Ruthenium (Ru) has the characteristics of maintaining conductivity without causing capacity loss even after oxidation and is relatively cheap, so it has recently attracted attention as a metal alternative to tungsten (W), which was previously used for gate electrodes, wiring, barrier layers, contact holes, vias, etc. of embedded thin film transistors.

In order to form wiring or vias on semiconductor substrates, a process is required to remove unnecessary parts and leave only the necessary parts. In particular, in order to reduce the occupied area of capacitors, a process of forming an electrode film in fine holes is often used recently. Therefore, it is necessary to develop an etching solution composition that can uniformly form a ruthenium metal film in fine holes.

Meanwhile, when an acidic etching liquid composition is used to etch a ruthenium metal film, RuO4 gas, which is a toxic gas, may be formed, so it is preferable to etch the ruthenium metal film in a neutral to alkaline region. However, when the pH of the etching liquid composition is adjusted too high to prevent the formation of such RuO4 gas, the stability of periodic acid used as an oxidant is reduced, thereby reducing the etching rate. Therefore, a method of increasing the reaction temperature to prevent the etching rate from decreasing may also be considered, but there is a problem that RuO4 gas may be generated even when the reaction is carried out at a high temperature. Therefore, it is necessary to develop a composition having a pH value within an appropriate range and capable of etching a ruthenium metal film at room temperature.

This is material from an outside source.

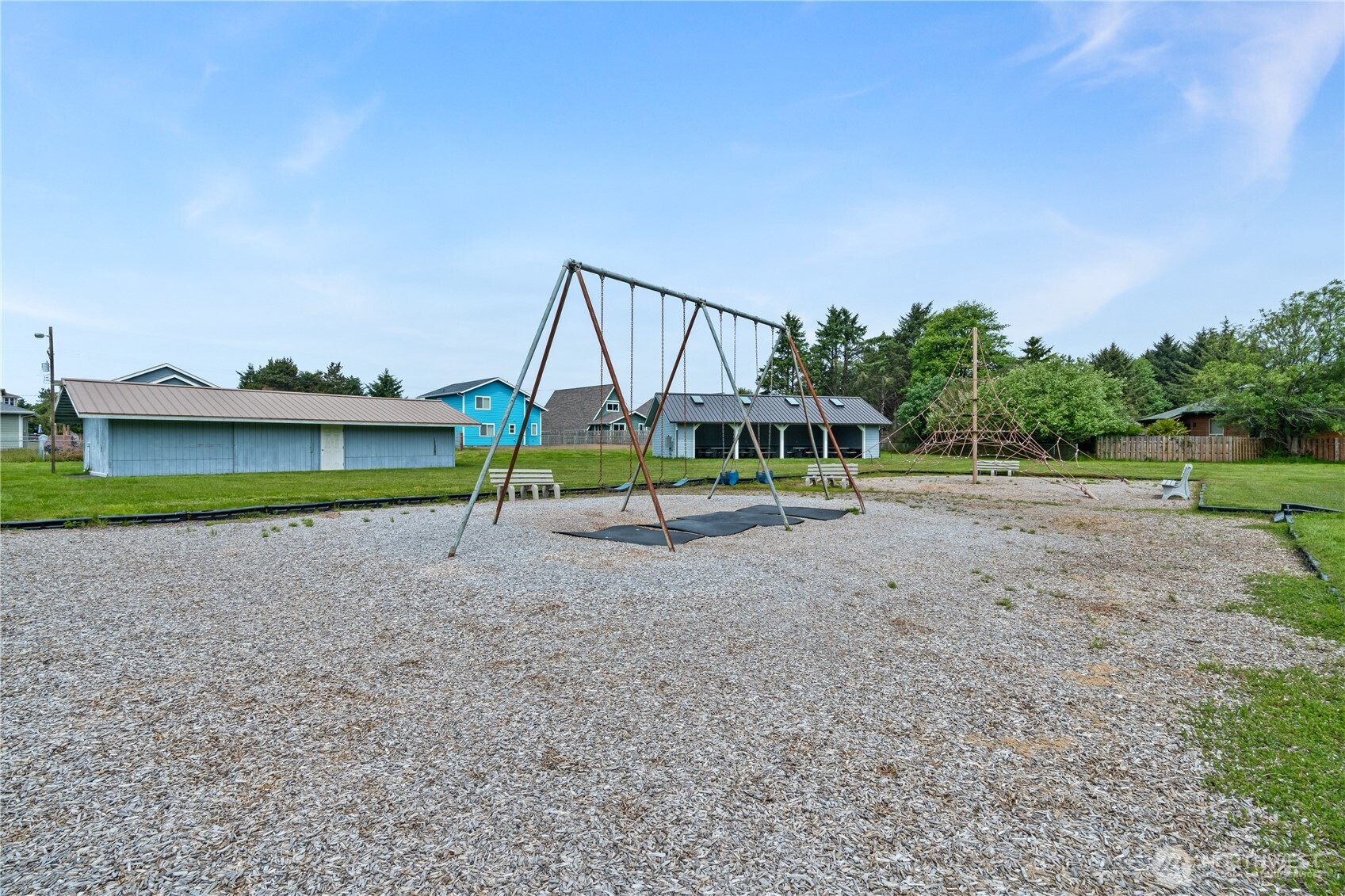 471 Hilo Court Ocean Shores WA 98569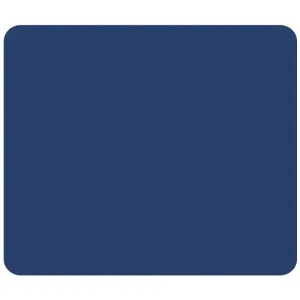 ALFOMBRILLA RATON FELLOWES 29700 AZUL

In addition, in the case of the semiconductor industry, the process continuity is maintained by securing raw materials for several months in advance, so it is necessary to be able to store the etchant composition stably for a long time at room temperature. In particular, in the case of the ruthenium etching process, it has the following characteristics: it may be performed in a single-type device, and since the amount of etchant used for one etching is relatively small, the ruthenium etchant may be stored in the equipment box for a long time for more than 3 months. Therefore, in the case of ruthenium etchant compositions, it is particularly necessary to have excellent storage stability compared to other metal etchant compositions.

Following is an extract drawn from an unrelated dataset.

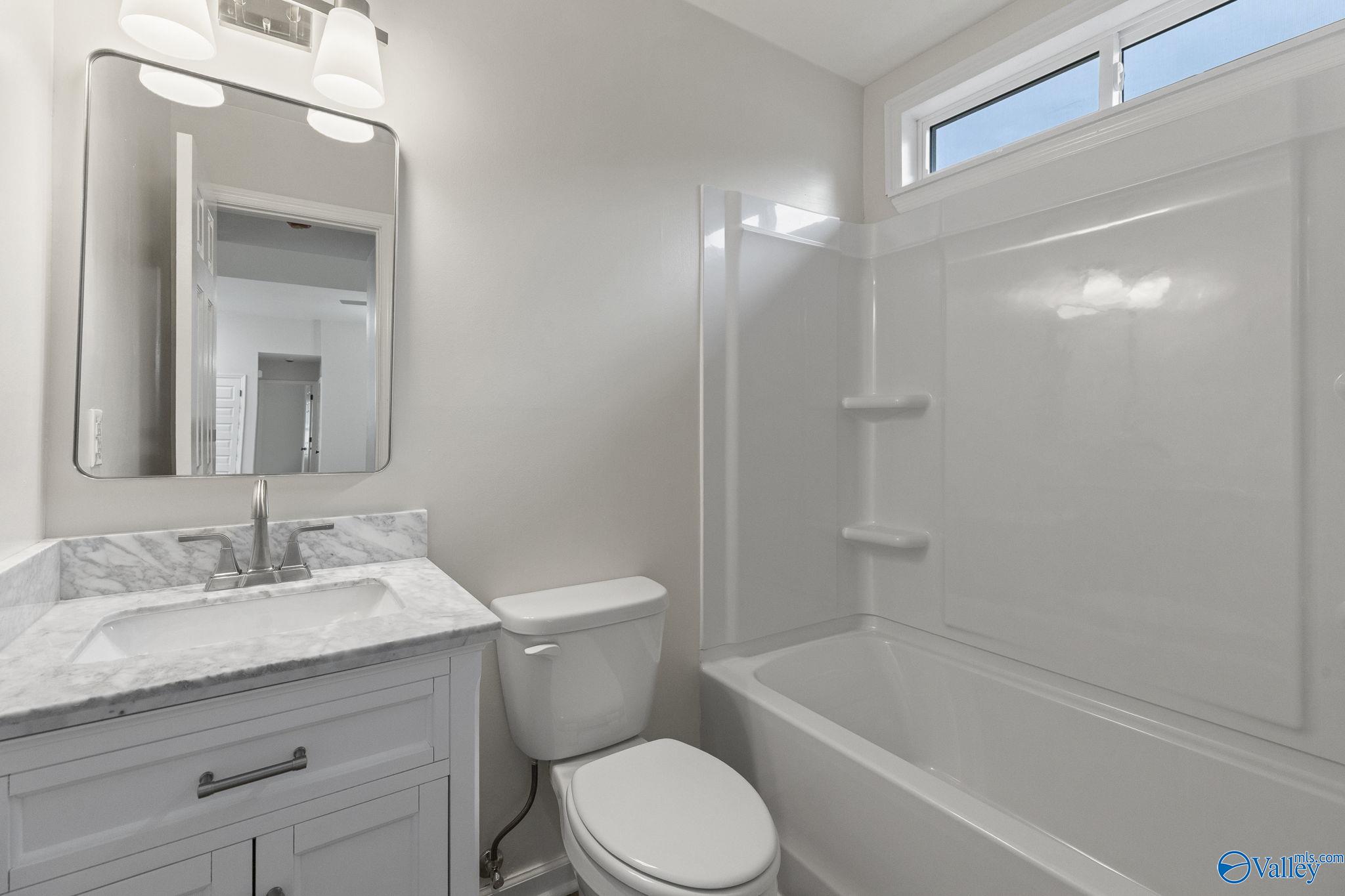 103 Briargate Lane, Madison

For example, Korean Patent Publication No. 10-2022-0051230 discloses a RuO4 gas generation inhibitor containing an onium salt and having a pH value of 8 to 14.

However, when etching a ruthenium metal film with an alkaline etching solution composition having a pH value of 8 or above, the generation of RuO4 gas can be suppressed, but the etching rate of the ruthenium metal film and the storage stability at room temperature are significantly reduced, so there is a problem of poor selectivity and practicality for ruthenium metal films.

Therefore, there is still a need for a ruthenium etching solution composition having a suitable pH value to be neutral to alkaline in order to suppress the generation of RuO4 gas while ensuring the etching rate of the ruthenium metal film and the storage stability at room temperature.

[Prior art literature]

[Patent Literature]

Korean Patent Publication No. 10-2022-0051230

The purpose of the present invention is to provide a ruthenium etching solution composition which can only rapidly etch ruthenium metal films without generating RuO4 gas and has excellent storage stability at room temperature.

In order to achieve the above-mentioned purpose, the present invention provides a ruthenium etching solution composition, which contains periodic acid and ammonium ions and has a pH value of 6 to 7.5.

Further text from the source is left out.